▶ TO DO
For the data below, retype word for word the lines from the one containing "trumanation_'s tweet photo." through the one containing "Tide chart for"; drop the pictures.

▶ SOURCE INFORMATION
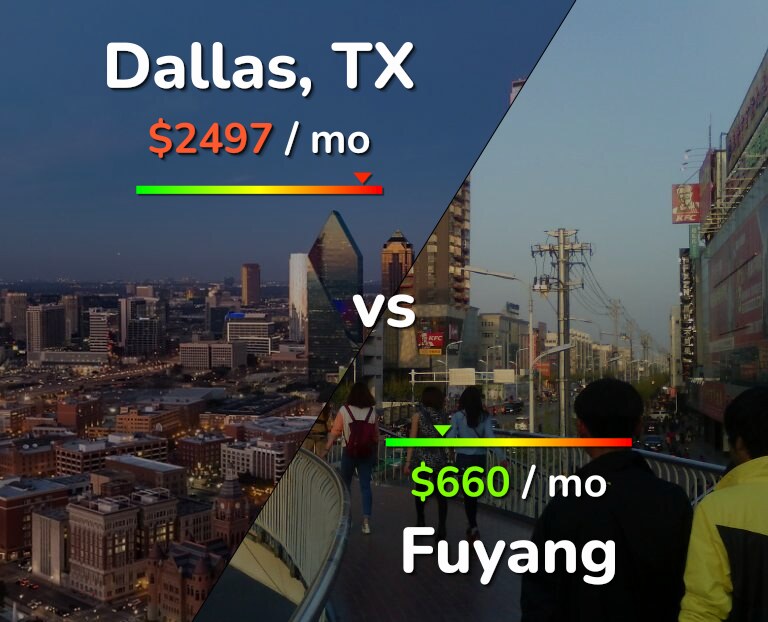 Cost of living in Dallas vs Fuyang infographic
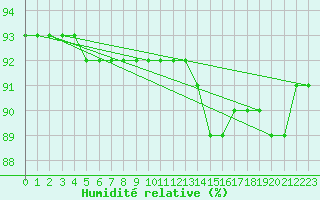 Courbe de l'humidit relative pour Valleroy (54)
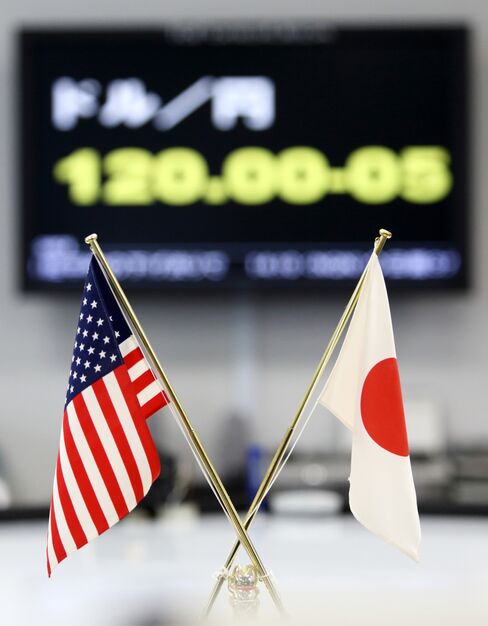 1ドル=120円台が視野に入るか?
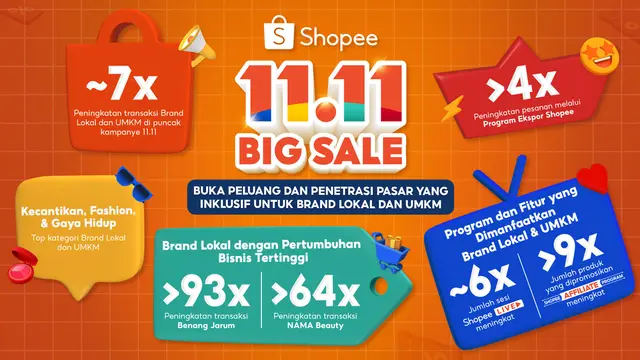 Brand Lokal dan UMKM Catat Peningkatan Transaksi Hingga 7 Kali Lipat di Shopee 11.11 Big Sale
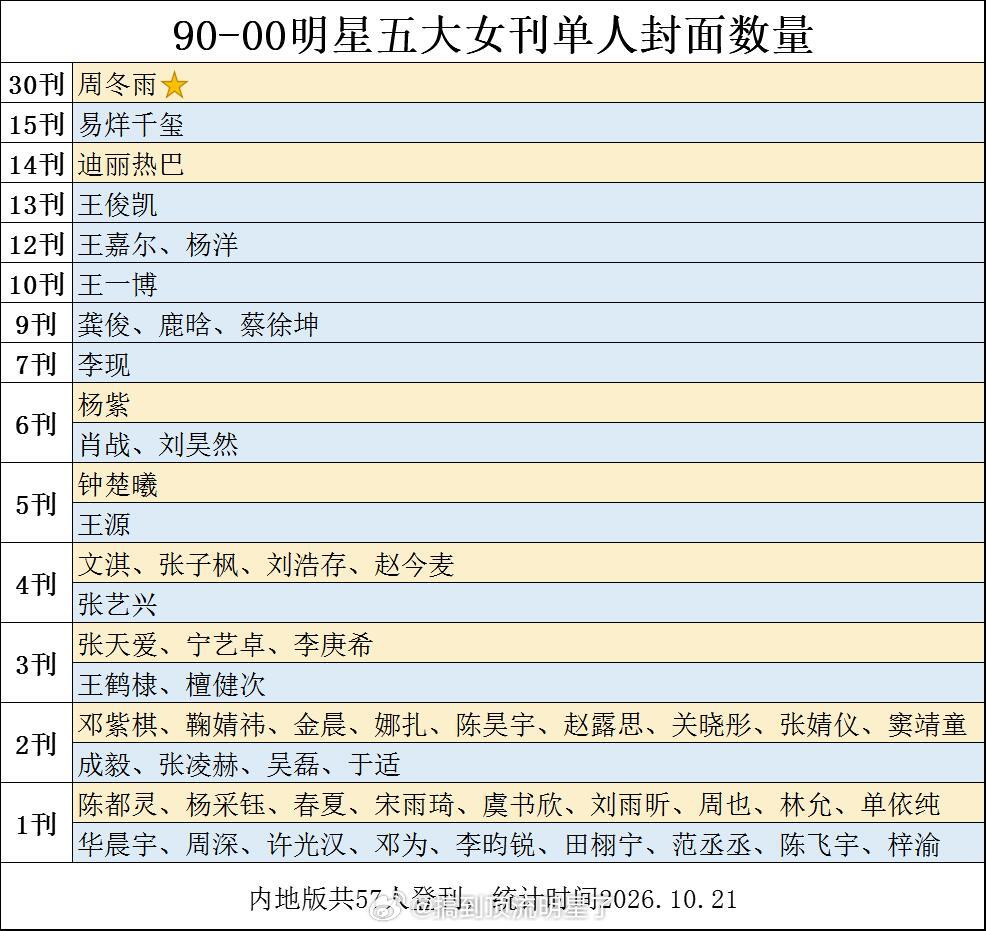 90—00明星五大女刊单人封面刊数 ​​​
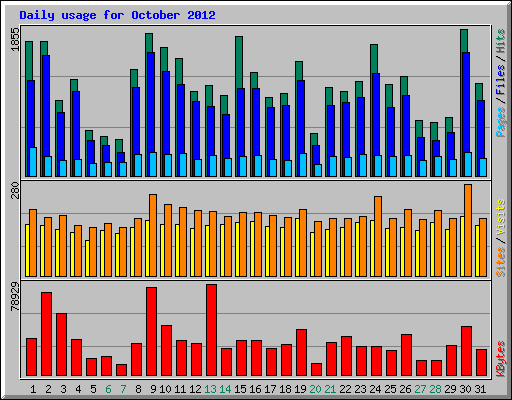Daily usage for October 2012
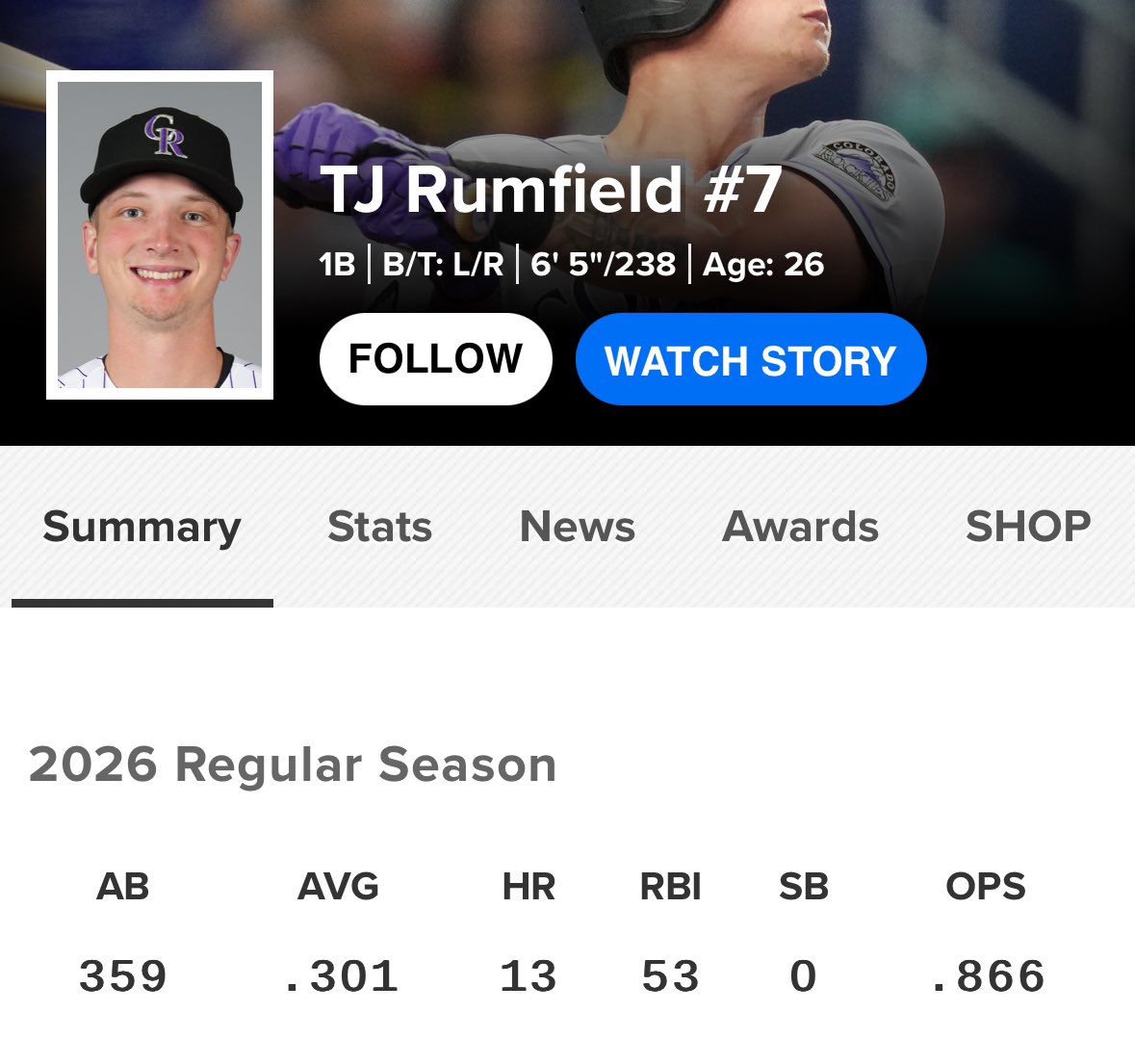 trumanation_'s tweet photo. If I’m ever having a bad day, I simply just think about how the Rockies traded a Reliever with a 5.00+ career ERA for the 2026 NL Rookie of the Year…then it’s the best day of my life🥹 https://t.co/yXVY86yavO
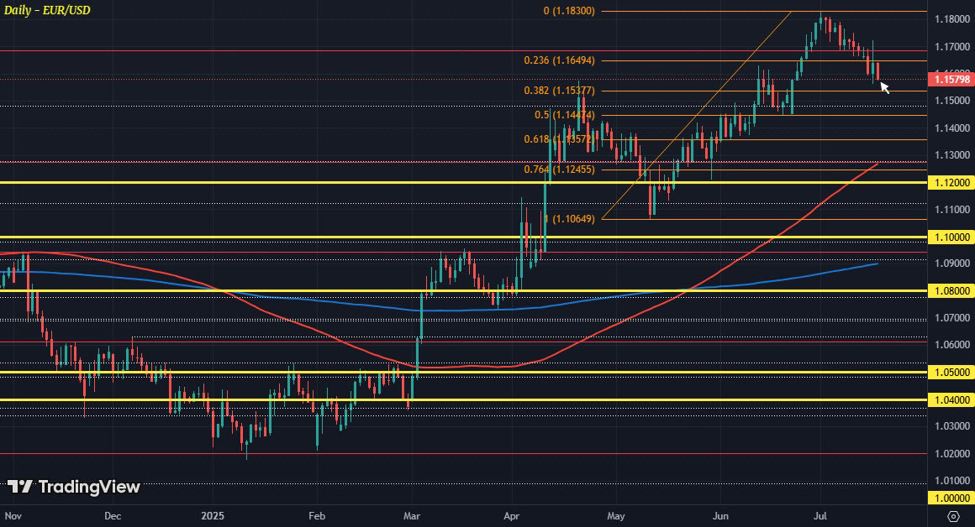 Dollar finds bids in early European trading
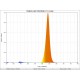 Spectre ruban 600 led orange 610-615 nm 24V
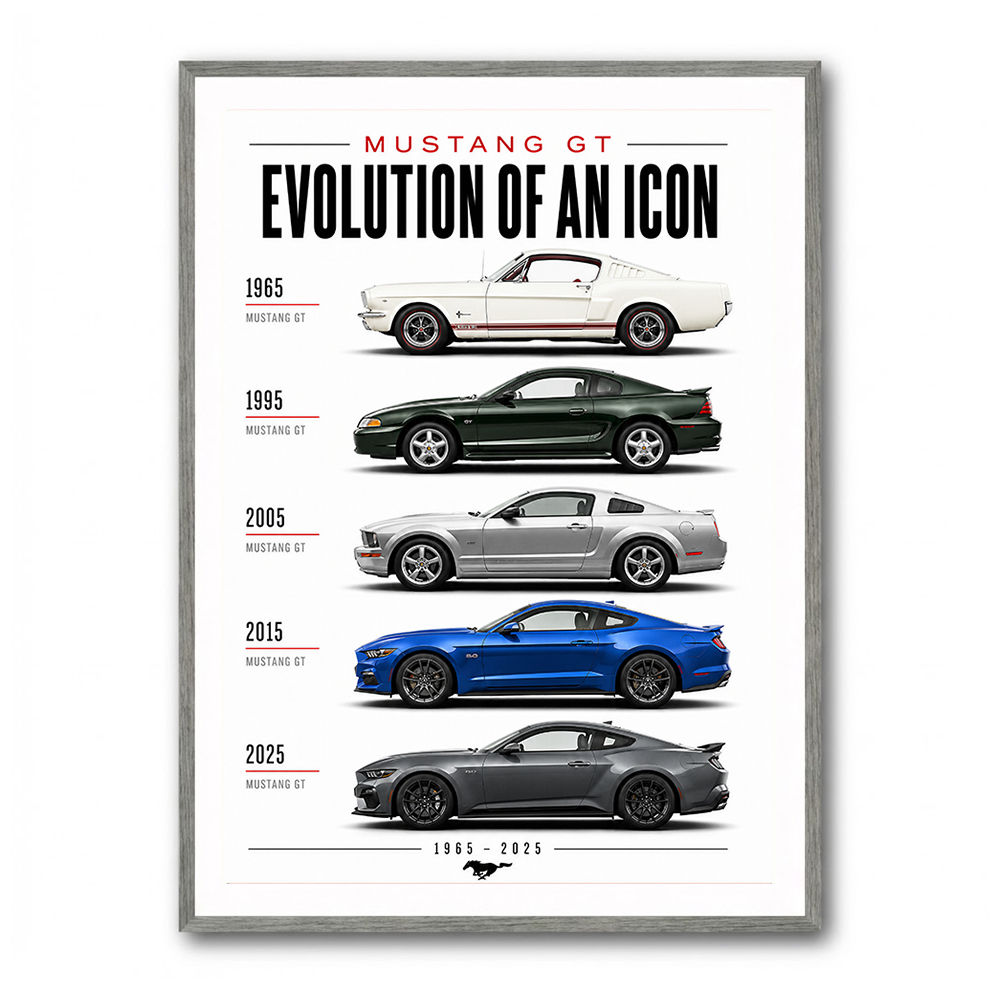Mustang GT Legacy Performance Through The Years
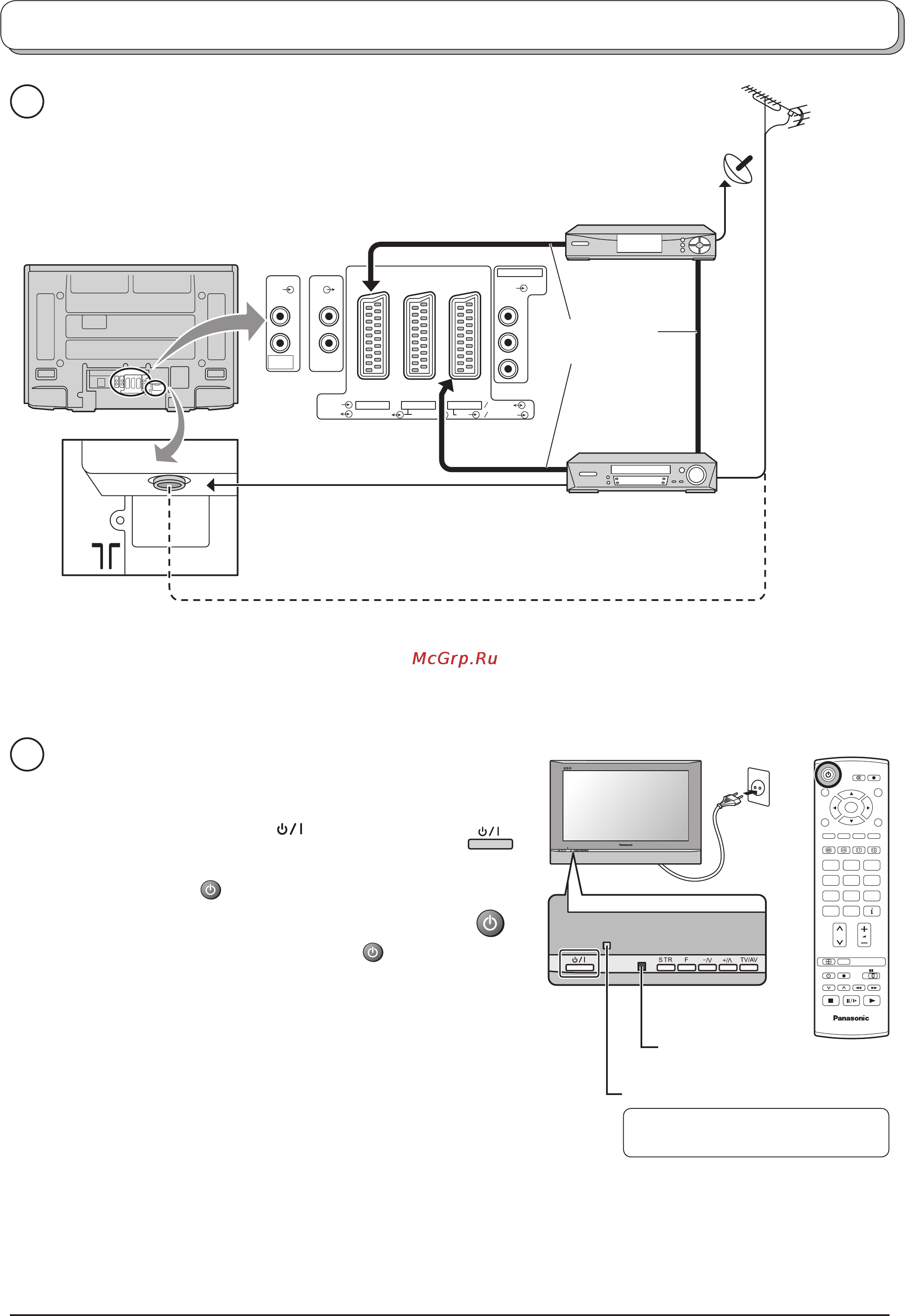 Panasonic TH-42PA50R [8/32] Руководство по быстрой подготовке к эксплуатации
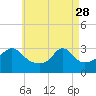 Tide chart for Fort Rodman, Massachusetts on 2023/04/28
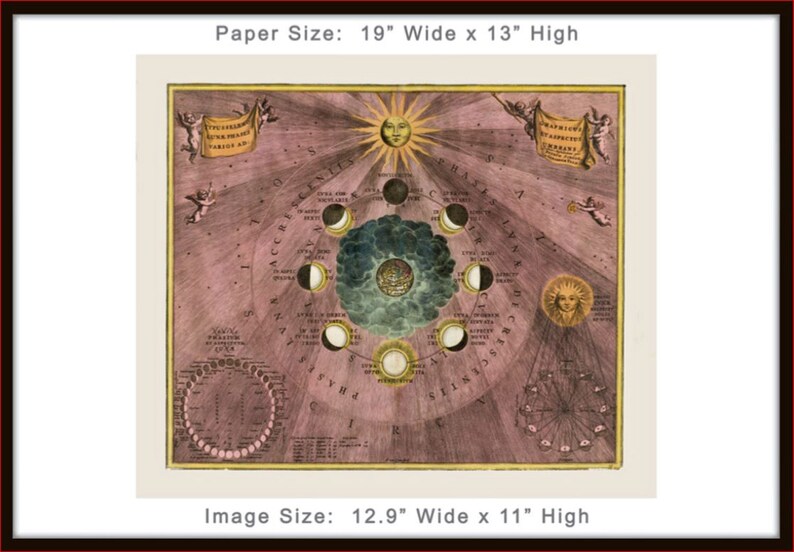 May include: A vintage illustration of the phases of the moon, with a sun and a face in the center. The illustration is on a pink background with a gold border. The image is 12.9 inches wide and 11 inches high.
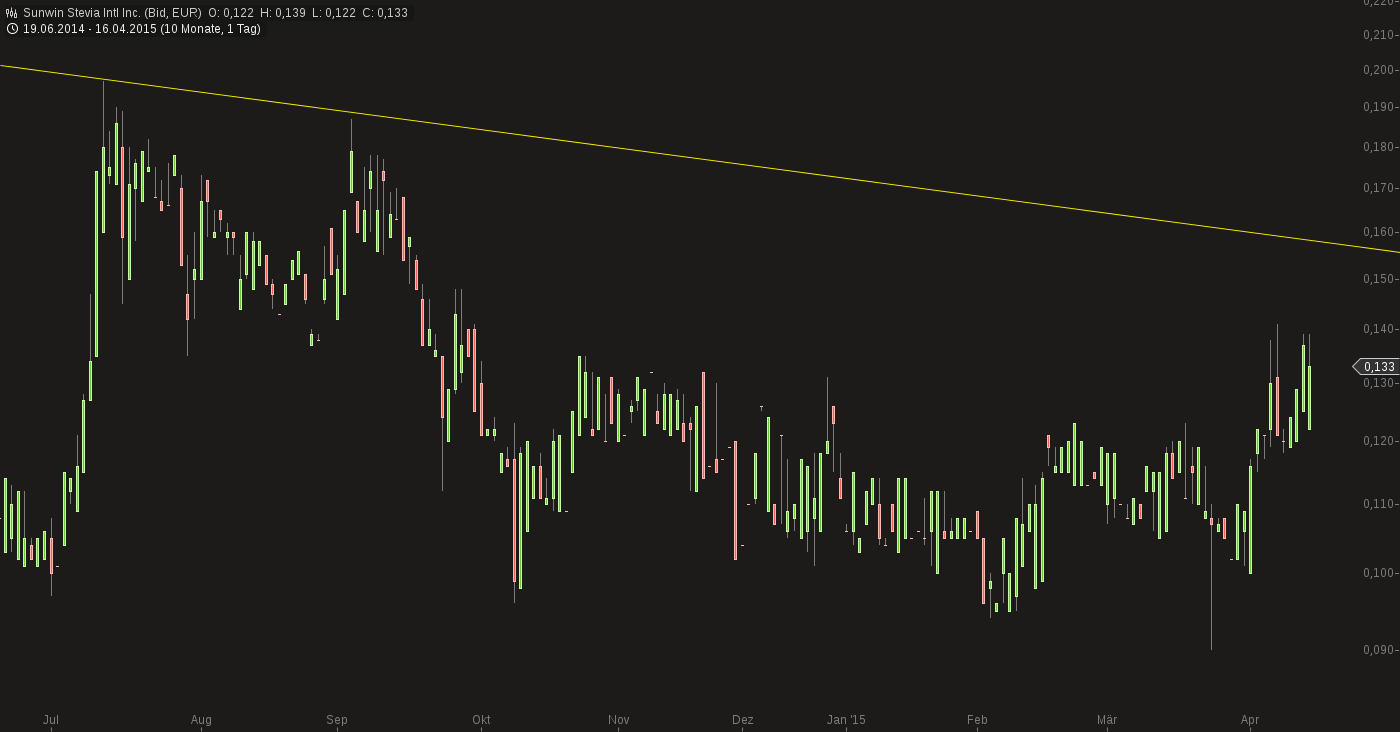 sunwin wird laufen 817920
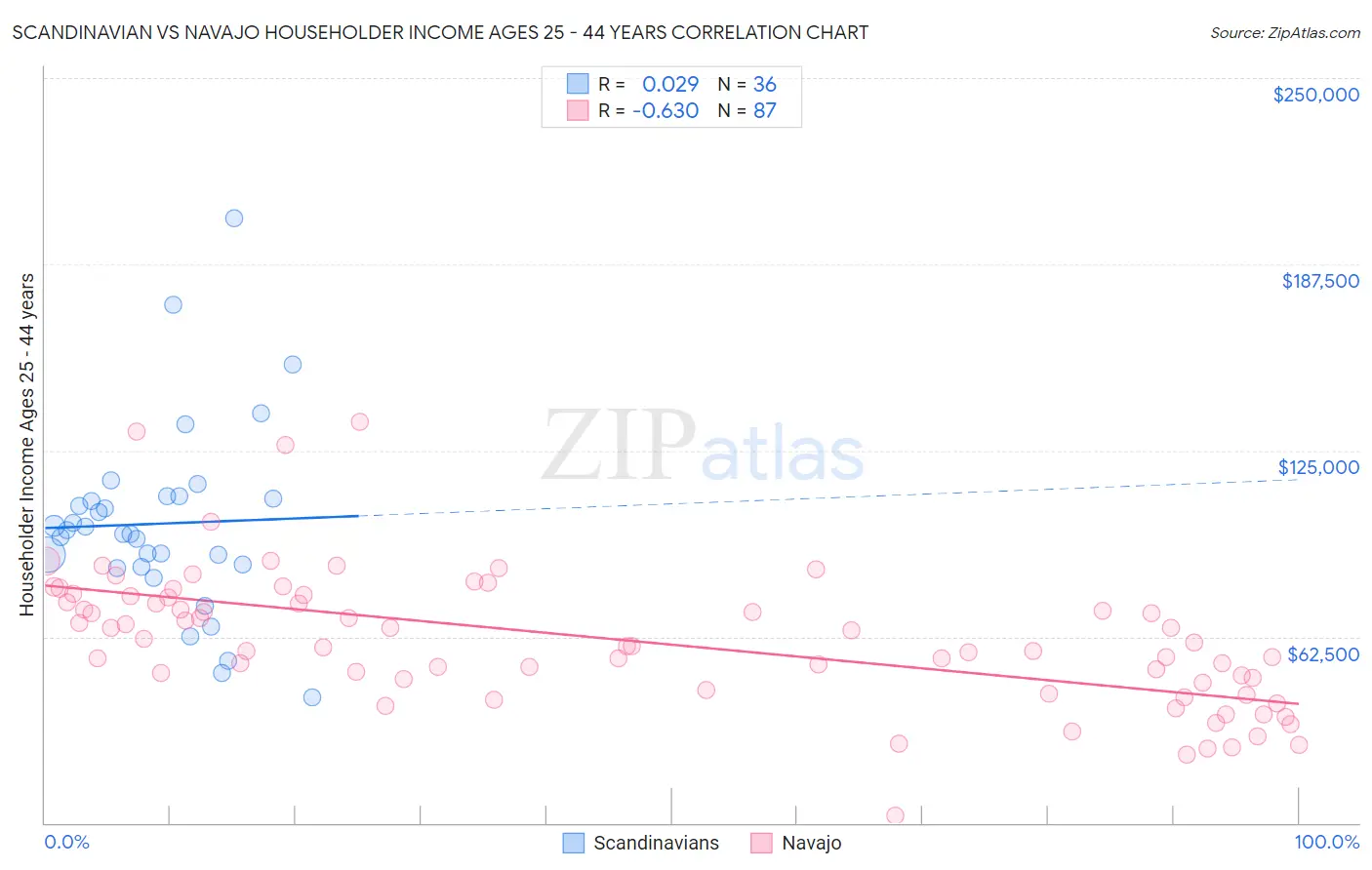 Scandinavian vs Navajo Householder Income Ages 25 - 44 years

▶ WRITTEN SOLUTION
 trumanation_'s tweet photo. If I’m ever having a bad day, I simply just think about how the Rockies traded a Reliever with a 5.00+ career ERA for the 2026 NL Rookie of the Year…then it’s the best day of my life🥹 https://t.co/yXVY86yavO
 Dollar finds bids in early European trading
 Spectre ruban 600 led orange 610-615 nm 24V
Mustang GT Legacy Performance Through The Years
 Panasonic TH-42PA50R [8/32] Руководство по быстрой подготовке к эксплуатации
 Tide chart for Fort Rodman, Massachusetts on 2023/04/28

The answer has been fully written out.